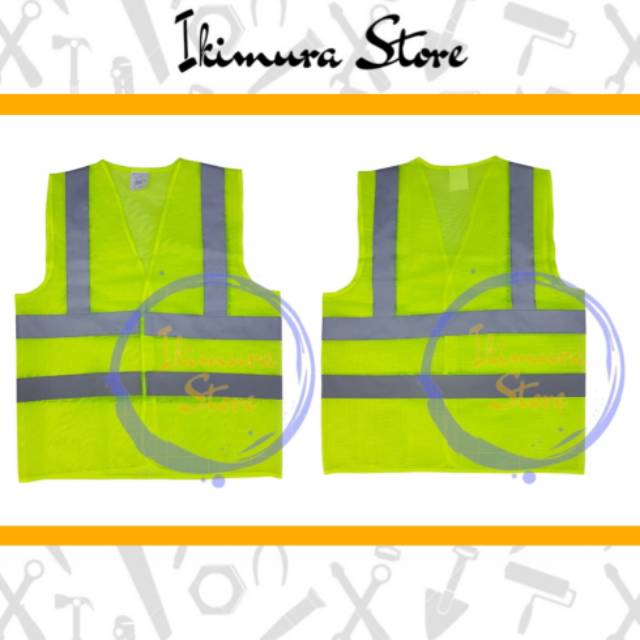 Baju Rompi Polyester Orange / Hijau / Rompi Safety / Safety Vest 4 Line Basic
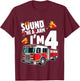 Fire Truck 4th Birthday Boy Firefighter 4 Year Old T-Shirt - T-Shirt | Maroon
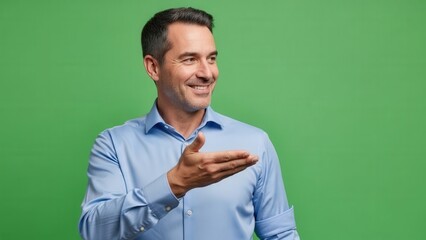 Friendly and Confident Businessman Gesturing with Hand while Smiling against Green Screen Background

Exercise brief:
Output the whole listing again, exactly, without its pictures.

Task response:
 Baju Rompi Polyester Orange / Hijau / Rompi Safety / Safety Vest 4 Line Basic
 Fire Truck 4th Birthday Boy Firefighter 4 Year Old T-Shirt - T-Shirt | Maroon
 Friendly and Confident Businessman Gesturing with Hand while Smiling against Green Screen Background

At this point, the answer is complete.